There can be any of a number of reasons for this situation. The student could have tested their paper using a friend’s account at a school that permits formative use of plagiarism detection software. The advisor could have used the system to test a first draft of the thesis, or two independent examiners both used the same software for testing a thesis. The first person to test will receive a negative report, but the second person will see the alarming notice that the thesis is a complete copy.

Database Issues

Quite a number of systems store submitted papers in order to check future papers against past papers. This perhaps sounds like a good idea for term papers that are written every semester by students on similar subjects. But the manner in which some universities use plagiarism detection services involves teachers submitting students’ papers to the system. This can technically be a violation of the student’s copyright, for example, under European copyright law, which is quite different from American or Canadian copyright law. Only the author, generally the student, can permit the work to be stored in a database belonging to a company. For a thesis that was prepared under a non-disclosure agreement, it is not at all possible for either the student or the teacher to legally submit it to a third-party server.

There are some systems that do not store papers in databases under the control of a company. Instead, the software is installed locally on the instructor’s computer. These systems then use a search machine in order to look up phrases or text selections from the text under scrutiny. Some systems just mirror the search machine results; others collate and evaluate the results before presenting them to the user in a ranked order. However, such use of search machines is often limited to a certain number of queries per day. Unless the company offering the plagiarism detection software has a cooperation with a search machine, it may take quite some time to obtain results, especially at times of the year at which term papers or final theses are generally handed in. This type of software is quite ineffective, as it is time-consuming and the results are not very illuminative. Instructors are better off using manual plagiarism detection methods as described in the next section.

Dubious Services

There are also companies offering somewhat dubious services. There are companies that offer “free” plagiarism detection services with the intent of harvesting texts submitted for paper mill use. For example, one system states openly that “9 months after your scan, we will automatically add it to our student database and it will be published on one of our study sites to allow other students to use it as an example of how to write a good essay” (ScanMyEssay n.d.). Another company offers a money-back deal on the purchase of their software if the buyer is unsatisfied. In Weber-Wulff and Köhler (2008) we note that the software that was delivered after the payment was made did not work, questions about the product to the support email listed went unanswered, and we were not the only ones unable to obtain a refund.

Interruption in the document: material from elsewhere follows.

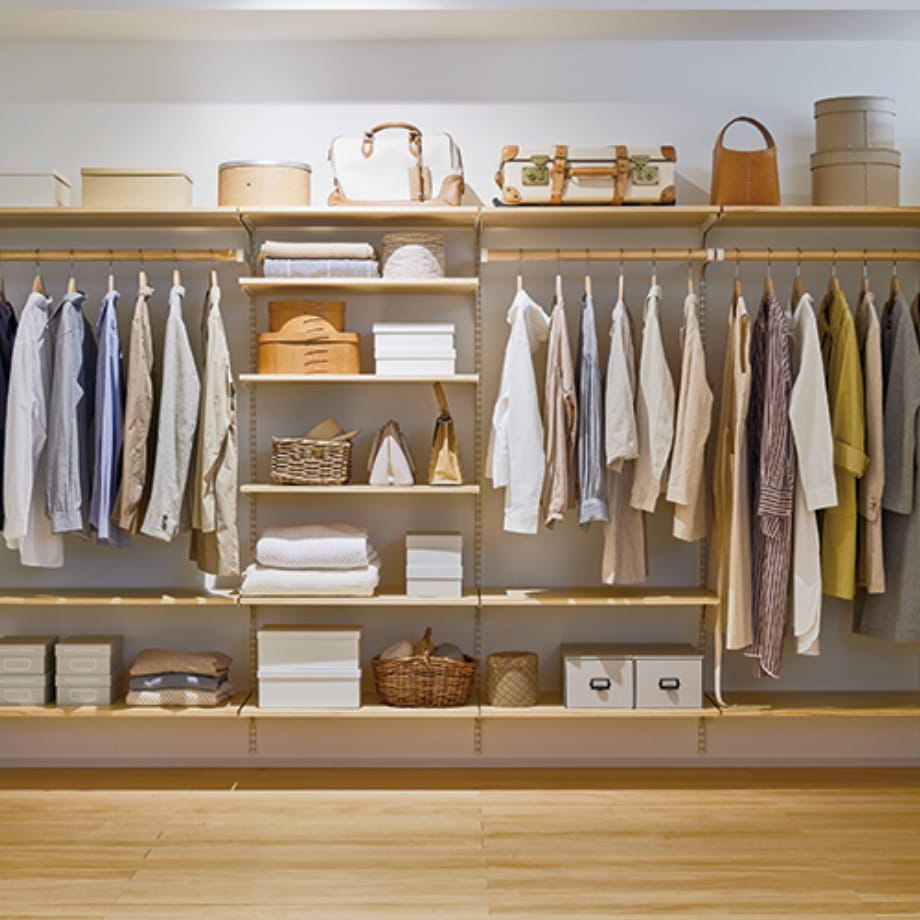 壁一面の大容量収納クローゼット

One company was also found that pitched plagiarism detection to students at an affordable price (Weber-Wulff and Pomerenke 2007). Papers submitted were handed in to a pirated Turnitin account. The reports obtained from Turnitin were manipulated to make them appear to have been produced by the company in question. When questioned, the company insisted it was just chance that they had the same results. In 2010 a text was designed that was completely original and stored in Turnitin’s database as coming from a non-existent web page. All systems in the test were given this text to evaluate. Indeed, only this company registered 100 % overlap of this text with the non-existent site, proving that it was still using pirated accounts.

Collusion

There is one kind of plagiarism that some systems are able to detect well, however. This is when the software is able to analyze a closed set of documents. Each of the documents can be compared with all of the others to discover text parallel s, although this is only effective for small numbers of documents, as the number of comparisons grows rapidly. It might seem unusual for there to be such a closed set available, but there are actually common situations at university in which this is indeed the case.

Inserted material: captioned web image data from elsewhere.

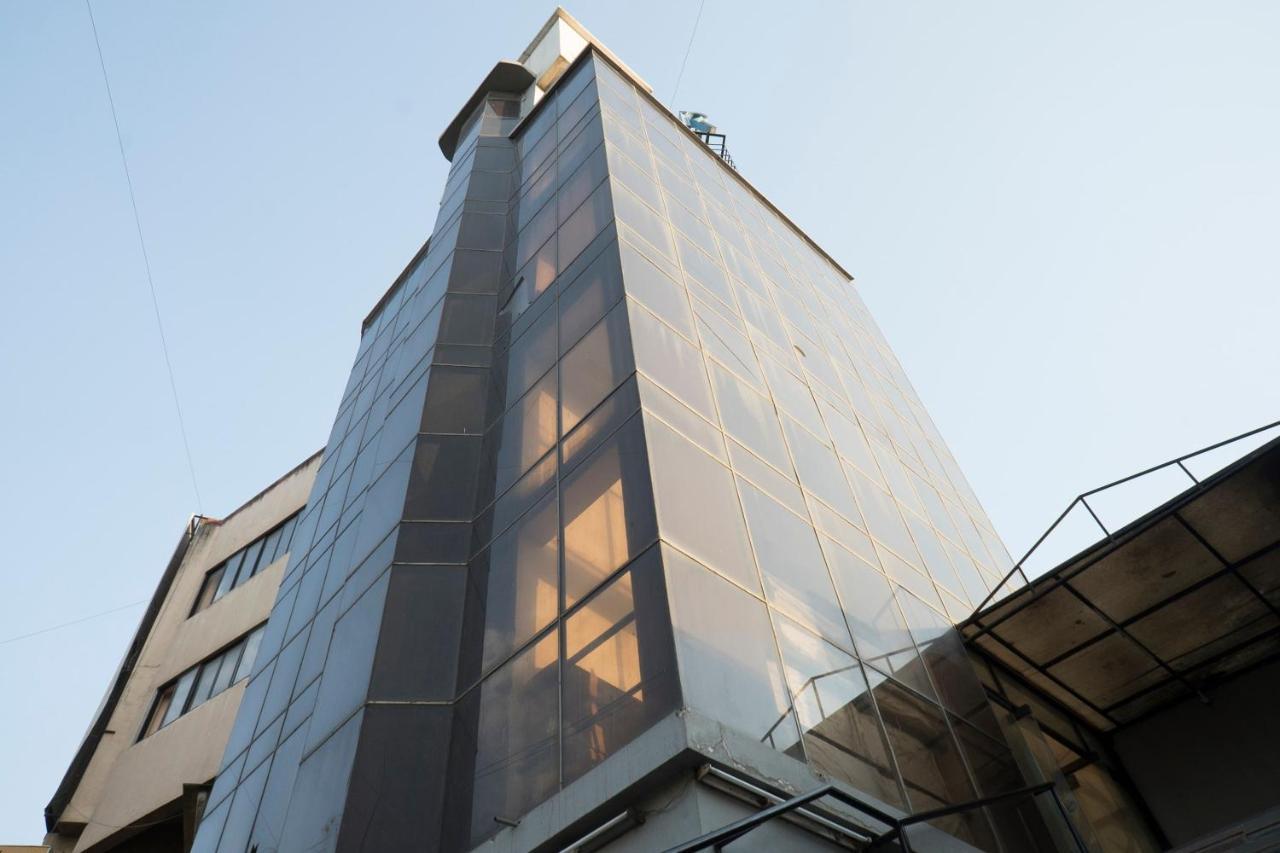 Oyo Flagship 37830 Hotel Aakar International Satara Εξωτερικό φωτογραφία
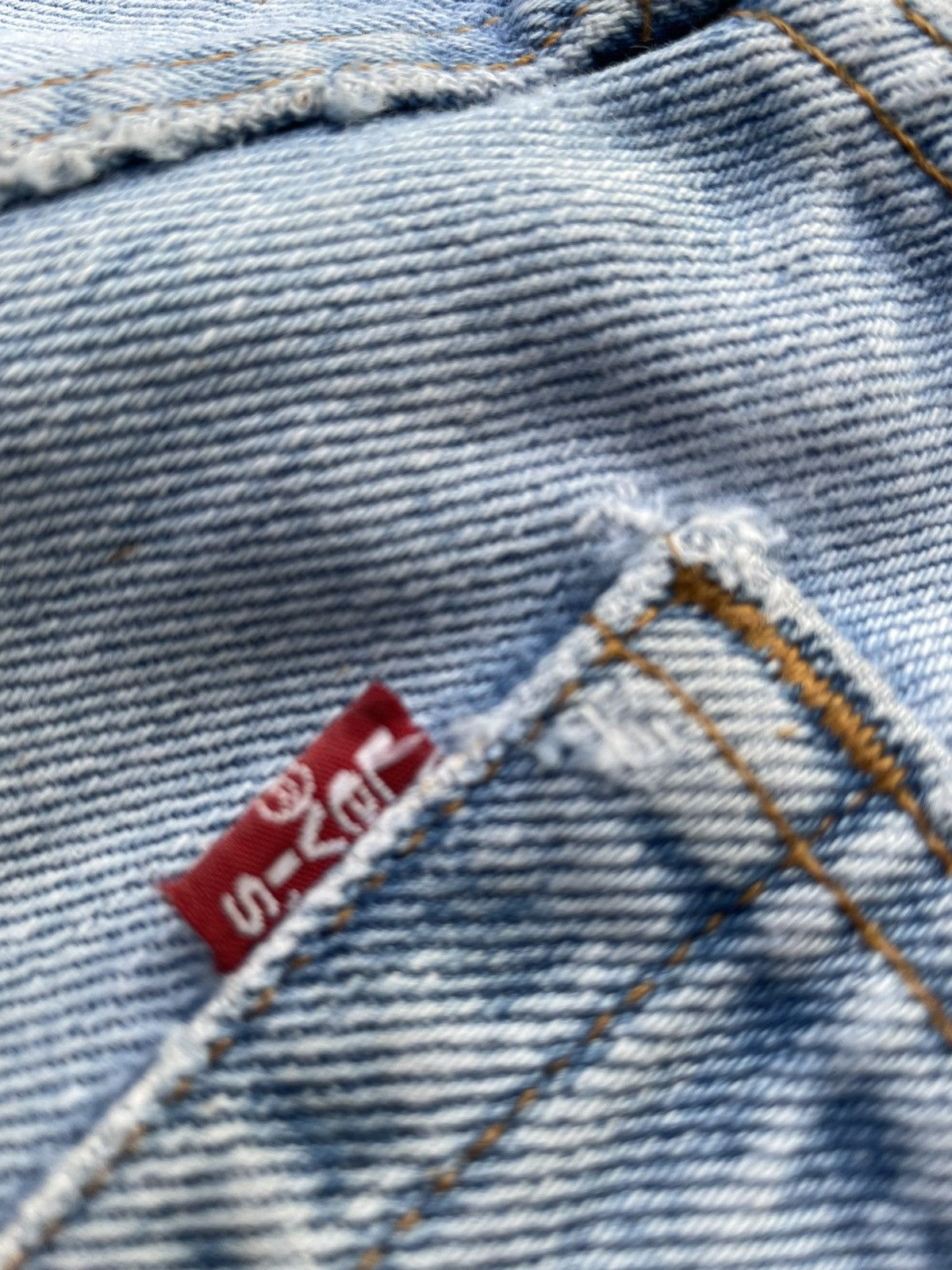 Le Grande Bleu (L.G.B.) Levis 501 e Usa Vintage 1995 Aging Distressed Denim Size US 30 / EU 46 - 14 Thumbnail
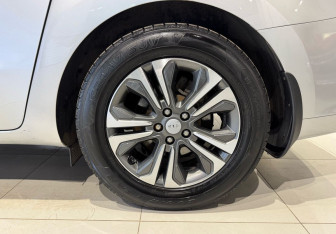 Подержанный автомобиль Kia Carnival 2018 года (21 фото)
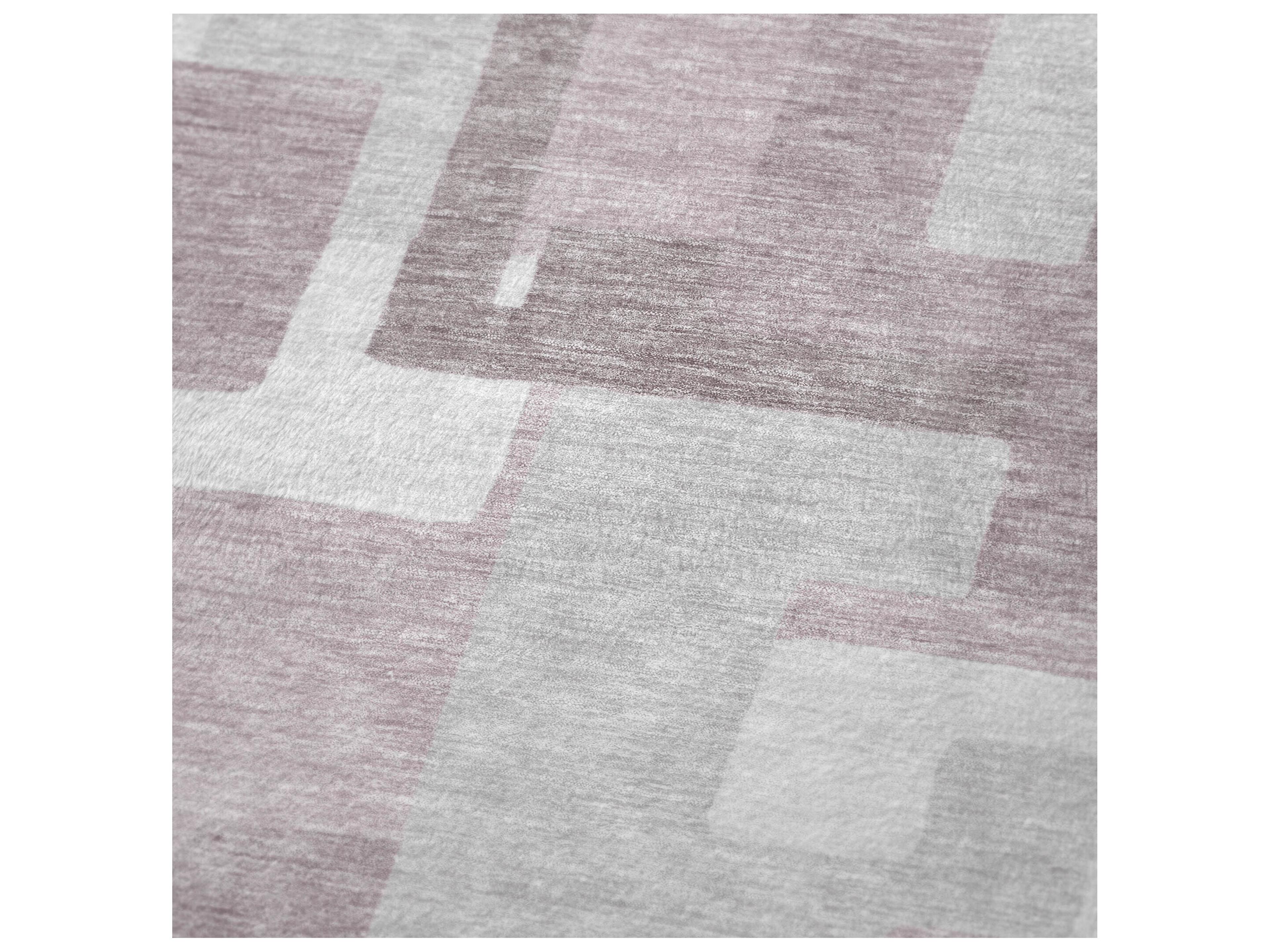 Dalyn Sherpa Pink Polyester Throw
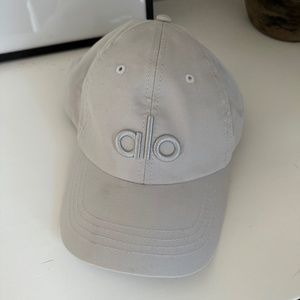 Alo Yoga Off Duty Cap - Light Gray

This is what is called collusion, or as Zauner (2014, p. 18) puts it, “die böse Schwester der Teamarbeit” (the evil sister of teamwork). Collusion happens, for example, when students have been specifically instructed to work alone and do not, or the instructions to work alone were not clearly communicated, and they work together to produce a text that each of them hands in as their own, perhaps only slightly altered (Sutherland-Smith 2013). This can happen in a large group of students who feel that their quite similar papers will not be noticed in the crowd, or when computing students are stumped by an assignment and hand in code they have copied from a fellow student or the Internet. They do not realize that there are so many ways of writing sentences or of coding algorithms that it is highly unlikely for two students to submit identical work.

A test of 18 systems focusing only on detecting collusion in texts and program code was conducted in 2012 at the HTW Berlin (Weber-Wulff et al. 2012). The test results showed that there is software available that is useful in detecting collusion, since the potential sources are among the papers submitted and not on the open Internet. However, the systems that were good at detecting text collusion were not very useful at detecting collusion in computer programs, and vice versa. It was also easier for the software to find collusion in texts than in program code.

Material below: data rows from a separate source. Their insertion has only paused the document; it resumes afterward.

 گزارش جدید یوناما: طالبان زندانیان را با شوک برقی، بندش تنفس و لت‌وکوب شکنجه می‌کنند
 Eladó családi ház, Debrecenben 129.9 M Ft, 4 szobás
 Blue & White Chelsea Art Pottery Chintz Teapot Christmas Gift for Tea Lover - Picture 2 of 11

Manual Plagiarism Detection

The previous section has shown that there are some problems involved with using so-called plagiarism detection software. They are not the accurate and reliable, time-saving tools that instructors want. There are, however, quite a number of simple tools other than such dedicated, all-in-one systems that are available to an instructor with a suspected case of plagiarism. This section will discuss a selection of those tools and methods.

The first and foremost strategy is reading a student’s paper with a critical eye, as observing small quirks and errors may help spot plagiarism. Instructors are generally well attuned to shifts in writing style. They quickly see spelling errors and detect erroneous statements of facts. There is a good chance of finding the source for a plagiarized passage with only the use of a search machine. Choosing just three to five words from a paragraph on either side of a writing style shift, perhaps including a spelling error, or the exact wording of a factual error, and using these as search terms will often return a link to the source used. Nouns tend to be effective search term choices, since verb forms are easily changed or adjectives inserted or sentences mixed up. If a spelling error is used, make sure that the search machine is actually using the misspelling and not correcting the term.

Google offers additional databases that can be searched: Google Books has digitized many scholarly books, even recent ones, and Google Scholar offers an index of scientific papers and citations. Searching for a misspelled bibliography entry in Google Scholar can lead to an original paper that was the source of a copied passage, as bibliographic mistakes are often not corrected. And even if Google Books does not show more than perhaps a page or even only a few snippets from a potential source, if the material looks promising, it can be obtained from a library using interlibrary loan.

One can, of course, compare the potential source with the page in the paper being read manually. However, if there is suspicion that extensive portions could have been taken from this source, it might be worthwhile to scan a larger portion of the book. Many libraries have book scanners available to their patrons, often costing very little to use. The pages in question can be stored on a memory stick as pictures and then run through software that recognizes and extracts the text from the pictures. This process, called optical character recognition (OCR), is sometimes even offered by the scanner software installed on the machine.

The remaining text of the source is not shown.